Gaming in India has, for the longest time, been a purely recreational activity with parents often reprimanding their wards for ‘wasting’ too much time playing video games. Despite the cultural ramifications, the industry has seen a steady growth curve, with a joint study conducted by KPMG and Google claiming that the online gaming industry in the country is all set to add 190 million gamers and become a $1 billion opportunity by 2021.
A recent study commissioned by Dell highlights the changes in the habits, attitudes and understanding of the gaming community in India, providing further credence to the changing sentiments towards video games.
The study in question, conducted in partnership with a third-party research firm called Researchscape, surveyed 5,763 gamers from 11 countries, including Australia, Brazil, Canada, China, France, Germany, India, Japan, New Zealand, UK and US, on today’s gaming habits, attitudes and the wider gaming community.
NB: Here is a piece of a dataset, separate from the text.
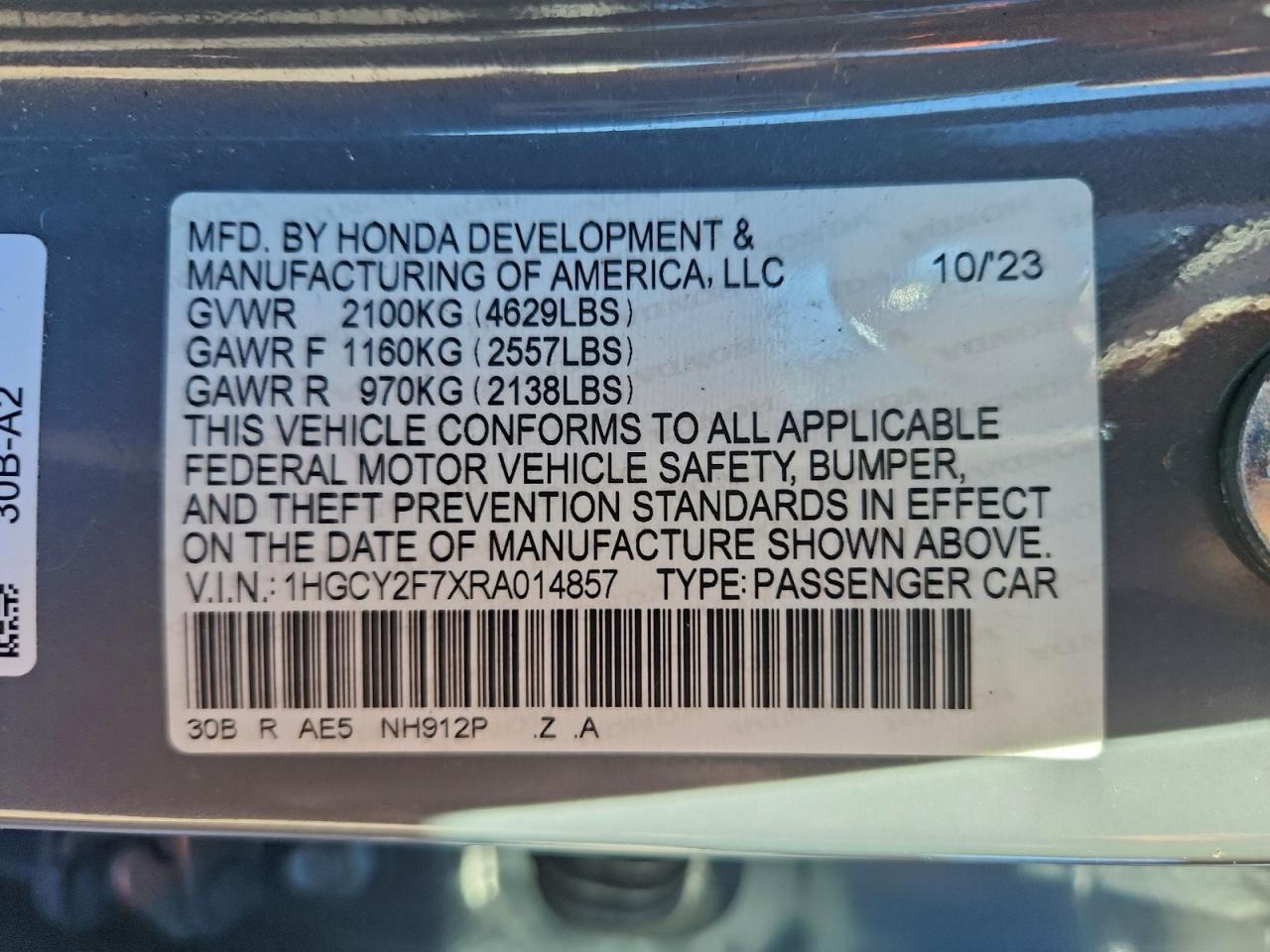 2024 HONDA ACCORD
It’s worth noting that the study only takes into account 587 respondents from India, so it’s not very comprehensive, and the findings may not be relevant across the board for all Indian gamers.
According to the study, the surveyed Indian gamers are at the top for having the most positive perceptions of being called a “gamer”, ahead of gamers from Brazil and the US. The respondents associate a variety of qualities to the “gamer” tag, with “smart” ranking as the top descriptor at 55%.
Indian women are more likely (53%) to associate being called a gamer as something fun, over Indian men (41%), and nearly half (46%) of the total respondents from the company believe that gaming has given them a strong competitive drive.
Additionally, the study also highlights that half (50%) of the Indian gamers feel that gaming gives them the ability to think strategically, topping the list when compared to other countries, including Brazil (43%), Australia (42%) and the US (42%). Forty-seven percent of the surveyed gamers also believe that playing games help them get better at problem solving. Highlighting on the demographics, the survey reveals that Indian gamers start young, with almost 75% getting a gaming device before they turn 20.
A vast majority of the respondents have friends (52%), sisters (48%) and girlfriends (27%) who play video games, with the data further highlighting that female gamers tend to breed other female gamers and are far more likely to know other women who play games. Gaming is also gained so much importance in the country that 37% of the Indian respondents would rather give up social media than give up gaming, with 24% even going to the extent of choosing gaming over dating if they had to give up one of the two.